Above is a very quickly thrown together video that stitches together a video I took of myself and Liv cooking a meal together for others. It was a fun process and we learnt about what we found interesting about focusing shots and the camera on the food rather than say the people involved or sounds. Although we did really enjoy the sounds of chopping and frying noises and bubbling and boiling and crushing noises that were part of the preparation. Making and reflecting on the video has brought up questions about the preparation for activities and the activity of preparation itself and how in the video we focus on purely the actions and movements and dances that food does during preparation. Food dances. Cooking is just a big old party for vegetables. It was also interesting to see the abstracted image of the food when zoomed in. It could pass as a impressionist painting at times. I realised how beautiful food can appear as all the many fragments of nature mix together in the pots. From this video I’d like to further sound record the sound of chopping and food prep. Also think more about the idea of a feedback loop which was inspired by the way me and Liv both film each other and celebrate the presence of two cameras videoing a moment from different perspectives and angles. It seems quite special that such a thing can happen and be captured through the use of technology. The idea of a feedback loop also reinvents ideas we have been discussing about the circular, balanced exchanges and relationships that are present throughout the natural world and the way people and energy are transferred so finding this kind of moment in a technological invention contrasts to feedback loops found in the atmosphere or rivers and ground of earth. There are many scales and materials to consider when thinking of feeding something back to its source.

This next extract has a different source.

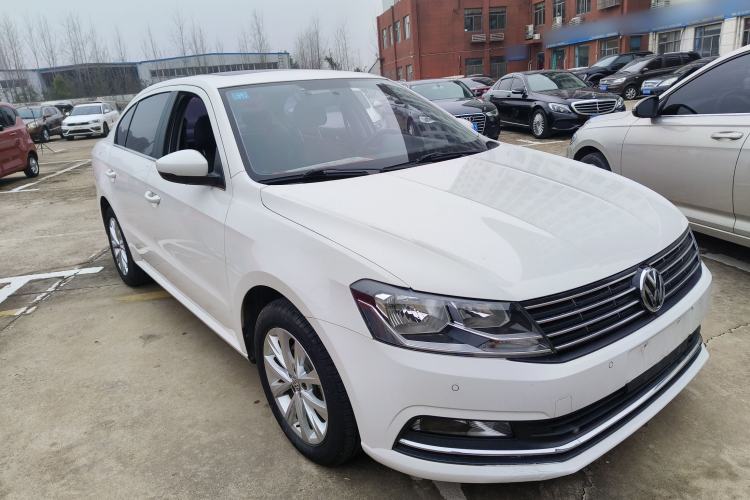 Used Volkswagen Lavida 2018 Classic 1.5L Automatic Comfort Edition China VI Standard Exterior 1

The tree decoration collaboration video captures the first time Liv and me collectively created something that was other than a conversation or meal. It have left the video very organic and kept all the dialogue and honesty in our first exploration of the others ideas and orbiting and connecting in ways about the way something looks and is put together. It was useful to notice the way the other used the other’s materials and objects adding new inspiration and perspectives to what could be done with it. I really like the way Liv used ribbons threaded through the bread to hang it to the trees. The text in the video was written through me stream of consciousness when I first watched the videos back when editing them in Premiere Pro. I kept the rawness and organic response to working collaboratively present and wanted it to be an honest and completely natural response to the video and idea of working together itself as I felt I would learnt the most about the experiment rather than writing things that I thought sounded good or that people wanted to hear about the way we worked together. It is important to be straightforward and honest about the way you feel about working collaboratively with someone at first so that you start in an honest and equal place; a bit like any relationship you build. It is the first stage if getting to know somebody at a more intimate level when you work together to create one thing. This is important to realise now because we are planning to work collaboratively together for the final degree show.